UDTA PUNJAB (High Punjab)
Director: Abhishek Chaubey
Cast: Shahid Kapoor, Kareena Kapoor, Alia Bhatt
Udta Punjab ran into plenty of trouble before its release, with the main kerfuffle being caused by the title and the theme of the movie. Set in a unspecified future in Punjab where the addiction to drugs has become a chronic problem in the state, the film centers around characters who are seemingly not really connected to each other until at least halfway through the movie.
Tommy Singh (Shahid Kapoor) is a drug addict and a rockstar, an unnamed Bihari migrant (Alia Bhatt) leads a depressed life until she comes across a stash of drugs that could provide her the freedom she craves for, Preet Sahni (Kareena Kapoor) is an activist doctor who helps drug addicts and rehabilitates them.
The film is a tour-de-force on a destructive trail that drugs leave behind, from the relentless self destruction of Tommy, and the tragic enslavement of the migrant who believed that selling drugs would obtain her freedom, and also the story of Preet, who naively believed she would be able to help people fight their drug demons.
The film constantly tethers of in the brink of the annihilation of its characters until two poignantly developed love stories develops a sense of purpose that hurtles towards a heartbreaking yet meaningful final act.
The acting all round, especially by Shahid and Alia, is top notch- with Alia taking special plaudits for her performance as the Bihari migrant, who, despite never consciously being a drug addict, has her life and innocence ravaged by drugs and the people who abuse it.
DEAR ZINDAGI (Dear Life)
Director: Gauri Shinde
Cast: Alia Bhatt, Shah Rukh Khan
Dear Zindagi was everything that the title implied it would be- a charmingly well made coming-of-age film revolving around Kaira (Alia Bhatt) and her own personal journey in battling depression and mental health issues to come to terms with her the own demons.
The film’s main plot is a one-liner but the film is peppered by strong extended cameos, nonetheless from Shah Rukh Khan himself as Dr Jehangir Khan, Kaira’s psychologist.
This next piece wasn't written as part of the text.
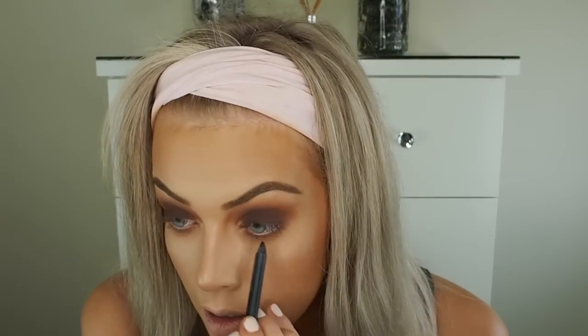I'm taking the Zoeva eye pencil in the shade Rock and Roll Bride — a warm brown with a gold glitter reflex — and applying it to my upper waterline. If you haven't tried these Zoeva eye pencils, you need to get one. You can get them from Beauty Bay or Cult Beauty — I'll leave a link below. For lashes, I'm using the So Sue Premium Lashes in the style Katie — similar to Ardell Wispies. I'm using duo lash glue and applying off camera.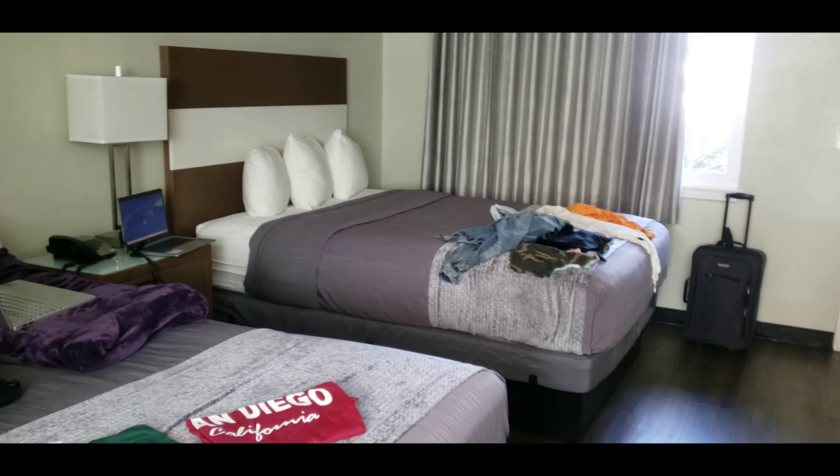We ended up booking an Airbnb — it wasn't really an Airbnb, it was a little cottage guest house through a friend of mine. We only booked it for two nights, so after that we came back to this hotel. On the bed I bought me and my son t-shirts — I have to announce that San Diego is about to be my home for the winter. A van life bed is so important, but when you get out of your van life bed and get into a proper bed, I slept like a baby. I cried, but I slept like a baby.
But holding the fort at the centerstage in what possibly was the best performance in what already is very short and productive career is Alia, who charts the transformation of Kaira and every seemingly petty emotional process she goes through with aplomb.
Director: Nitesh Tiwari
Cast: Aamir Khan, Fatima Sana Shaikh, Zaira Wasim, Sanya Malhotra
Bollywood’s final major release for 2016 was the big screen return of Aamir Khan, who caused plenty of stir, both in terms of box office records and the sensitivity of men of religion with his last release PK (2014). Aamir, who had spent the last decade and a half making sparingly few movies with an almost complete focus on providing breakthrough content in Bollywood, live up to his reputation as a perfectionist with an impeccable performance as Mahavir Singh Phogat, the real life former wrestler who broke convention by training his daughters into becoming Commonwealth gold winning international wrestlers.
Dangal is aided by excellent casting of relatively new talents and bringing out the authenticity of life in Mahavir’s home village in Balali, Haryana, and a relentless screenplay that is dosed with the right amount of humour, drama, sports choreography, sentiments, and patriotism, without ever losing the main essence of the main characters, who are derived from real life individuals.
Dangal was truly a case of saving the best for last as far as 2016 was concerned.